The PEF would purchase insurance coverage from the private sector on behalf of developing countries to cover costs associated with disease outbreak response. When a pre-agreed parametric trigger (based on public and observable data) is activated, the private sector would make the agreed payouts to the PEF, which would disburse resources to eligible implementing partners to finance critical containment measures. Such a mechanism would be able to disburse resources quickly once the trigger is activated, rather than relying on a loss assessment, which typically takes time.
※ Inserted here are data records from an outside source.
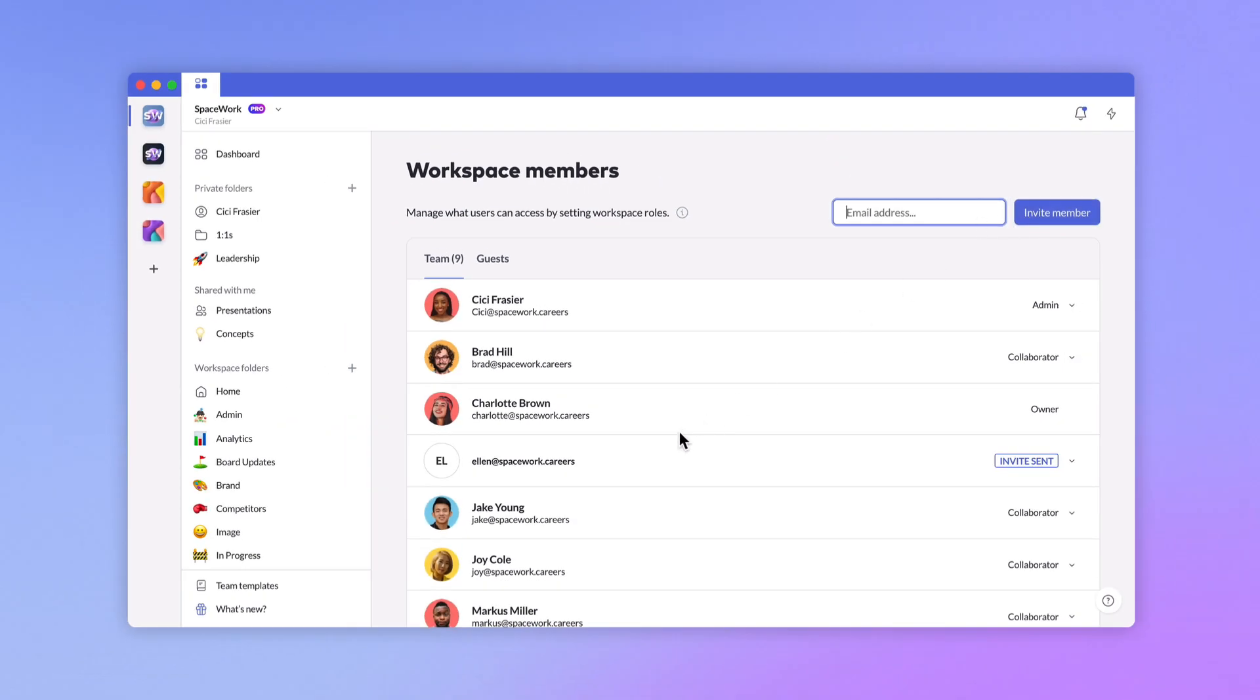Now that you have a growing workspace, take a few minutes to learn about presentation styles, templates, and collaboration. Looking for more advanced options around team management? Be sure to check out our Intro to Pitch Pro.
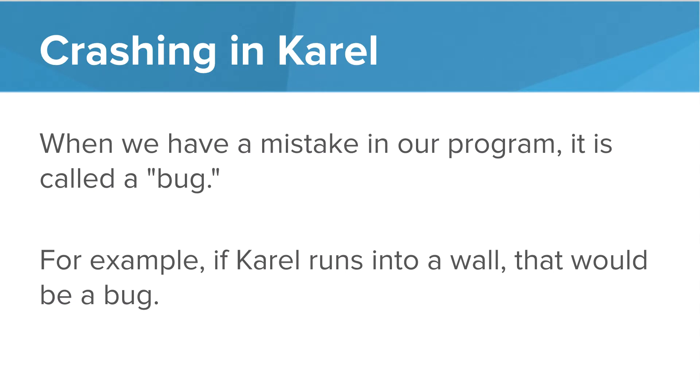So let's talk about crashes in Karel. When we make a mistake in our program, it's called a bug. For example, if Karel runs into a wall, that would be a bug.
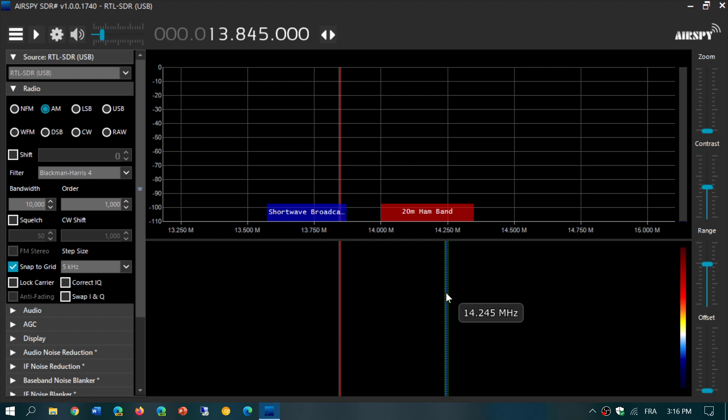If you purchased a cheap $10 RTL-SDR, chances are it will not receive shortwave. Most of the cheap RTL-SDRs are not capable of receiving below 25 MHz, but there are modified versions, and one of them is a little higher end even though it's still cheap.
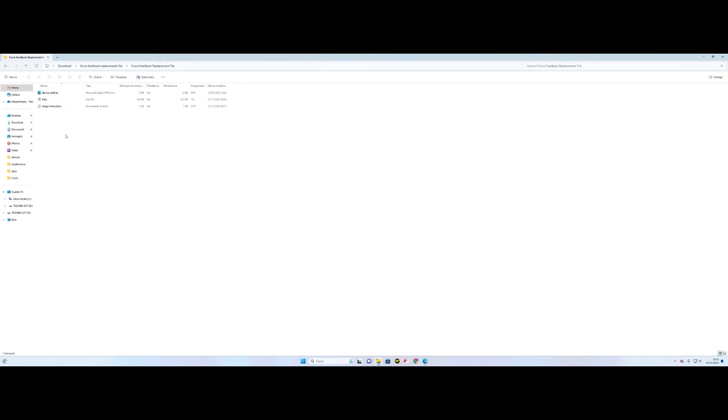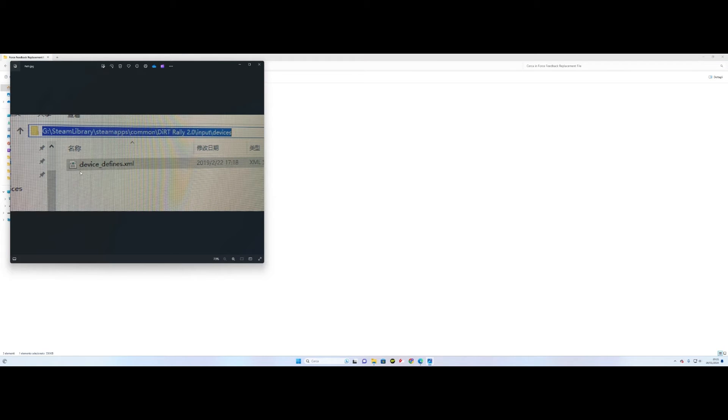Once downloaded you will find a folder containing an image file with an example path where to copy the device defines dot xml notepad.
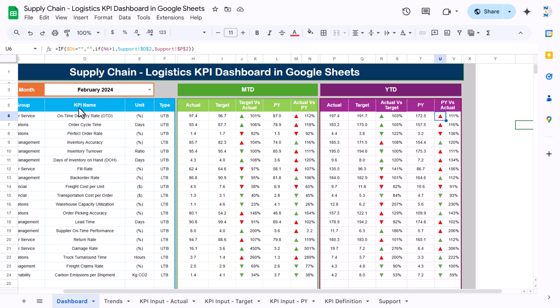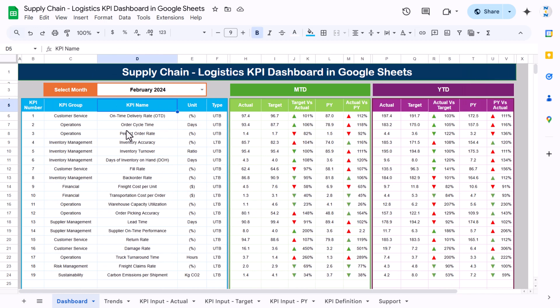That is how we created this supply chain logistic KPI dashboard in Google Sheets. This is a ready-to-use template — just input your KPIs along with actual, target, and PY data to use it. I hope you enjoyed this video. If you liked it, please hit the like button and subscribe to my channel for regular updates. Thank you so much for watching.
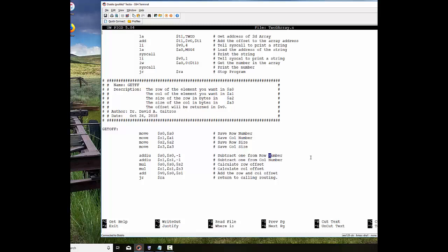Then I'm going to do this very simple routine. I'm going to save off the row number, the column number, the size of the row, and the size of the column. I need to subtract one from the row and the column so the math works out correctly. I'm going to calculate the row offset by multiplying it times the size of the row, and I'm going to calculate the column offset by multiplying the column times its size. I'm going to add the row and column offsets together and return that to the main routine.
The insurance mechanism would need to start small but could be expanded in terms of geography, size, events covered, etc., as the market for pandemic/epidemic risks in developing countries develops.
How would the insurance mechanism be funded?
The leading options to finance the insurance mechanism are through bond markets and insurance companies. These can be very easily combined in a manner to lower the overall cost of premium; this is very frequently done in the private sector to optimize costs and coverage. In both options, the insurance premium would need to be funded largely by donors, but potential beneficiaries may also contribute.
What are the key benefits that the insurance mechanism would bring?
Just as various insurance products for natural disasters have helped create new markets, we expect the PEF will create a new market for pandemic insurance in developing countries that is likely to grow over time; as the market grows, the need for subsidies/public funding will diminish.
If the PEF is designed well, not only will financing be available quickly to respond to the next crisis, but it will bring discipline and rigor into pandemic preparedness as the response strategy is thought out preemptively.
Are there other, similar, insurance mechanisms?
The concept of using insurance to pre-finance sovereign risks is a well-recognized tool to managing climate and disaster risks faced by governments (e.g., Mexico’s MultiCat (for earthquake and hurricane) and the African Risk Capacity (for drought.) Such tools have been well-studied and are considered successes by multilaterals, donors, beneficiary governments and rating agencies.
How would the public funding mechanism complement the insurance mechanism?
To enable the PEF to cover higher frequency events, the WBG is also working with partners on other instruments, including a public funding mechanism, to complement the insurance mechanism. With the public funding mechanism, the WBG could take long-term donor pledges/lines of credit and use its own liquidity or borrow on the capital markets against these pledges once an outbreak happens.
What are the next steps needed to further develop the PEF?
Timeline: Subject to donor fund raising (to finance the insurance premium) and market conditions, in principle, an insurance policy supported by private sector capital drawn from reinsurance and bond investors, could be launched in early 2016. The WBG-WHO team is now seeking feedback on the PEF design and implementation issues, with stakeholder meetings in DC (Sept 21-22, 2015) and Lima, Peru (October 9, 2015), and is establishing a PEF Working Group.